How to enrich and enhance a business database's quality
The web is full of data about companies: articles written on specialized websites, social networks, directories of companies, showcase websites, etc.
However, extracting and processing data is a complex process that requires expertise. It's in this context that one of our client; a french tech startup operating in the open innovation market, uses our know-how.
Given the fact that our client has a an unqualified, low volume database, the objective of the project is to harvest recurrently, at least once a week, data on innovative companies to enrich its in-house business database.
The first step in our work is to understand the company's value proposition as well as how it works under the hood. This way, it's easier for us to identify and match the extraction and enrichment issues.
The second step consists in making an inventory of the existing architecture and/or data requirements :
- What's the current volume and the targeted one
- We determine the existing data model and if it requires any update
- What's the minimum quality level required regarding company data?
- How does the internal data integration process work?

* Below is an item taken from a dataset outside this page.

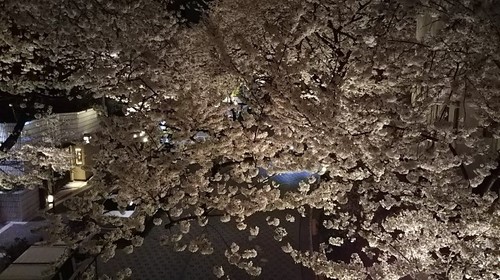 20180327 スペイン坂の夜桜2.jpg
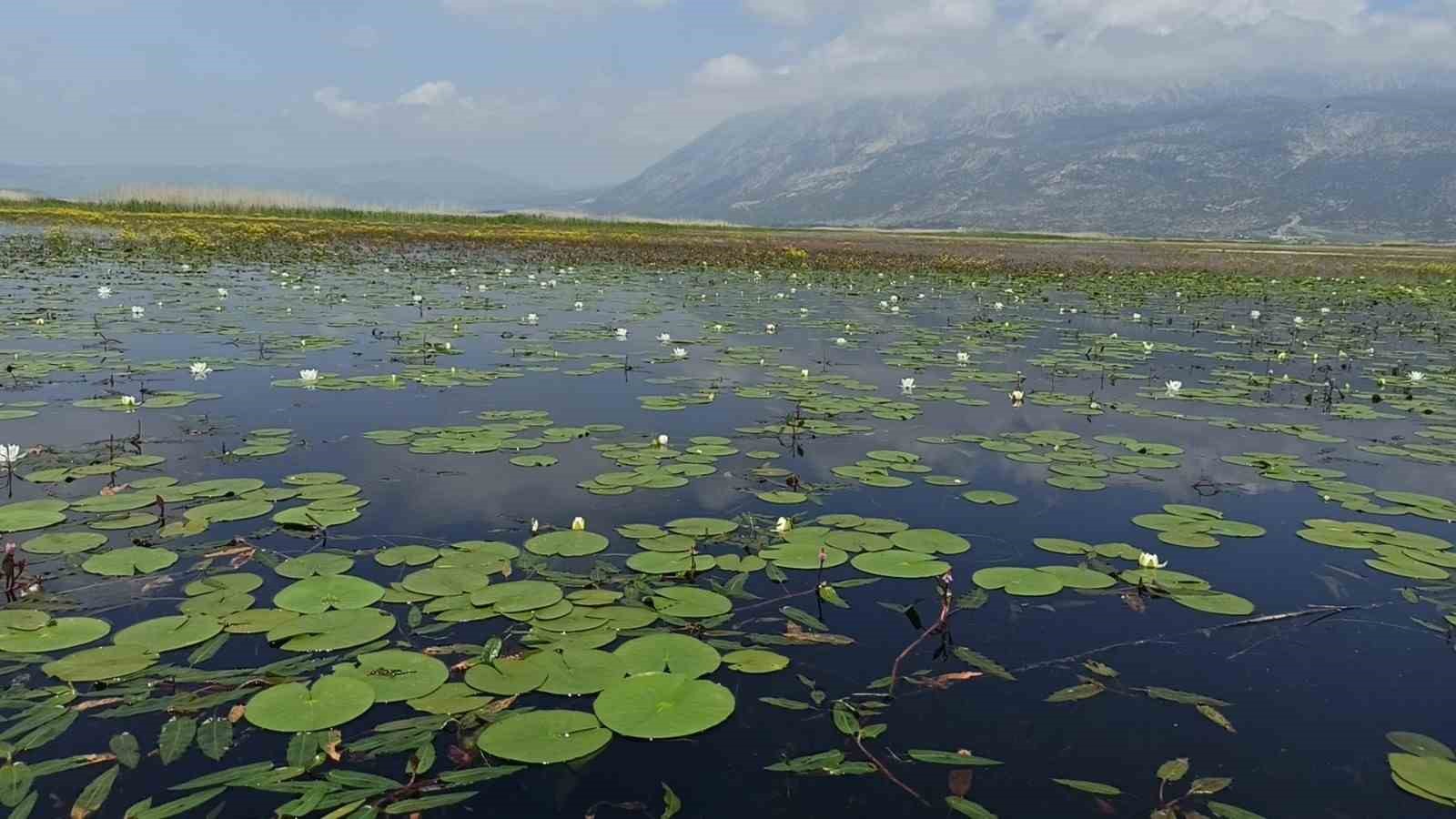 TÜRKİYE’NİN EN BÜYÜK NİLÜFER TARLASINI BÜNYESİNDE BARINDIRAN VE YEŞİLLE MAVİNİN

Selecting and aggregating sources
Each data source (each site) is not equal in terms of quality. Some websites provide a better description than others. Some information might be missing on one particular site, etc. We need to work in depth on the sources' selection in order to decide how to aggregate the data.
We analyze all the sites one after the other and then issue a recommendation based on the inventory previously made. Our goal is to build and validate the entire process, from data collection to data aggregation, to ensure the highest quality of data.
Data enrichment as an innovation lever
Given our client's activity, it is essential to strengthen its database's quality. It allows to better screen companies with a better understanding level.
Indeed, open innovation (our client's activity) consists in:
- Monitoring innovation to enhance agility and innovation's initiatives inside companies
- Building long lasting relationships between innovative companies and SMBs / Corporates
The project results in a daily extraction of business data on a dozen directories.
Thanks to this enrichment's project, our client has seen its database double in quality AND in volume.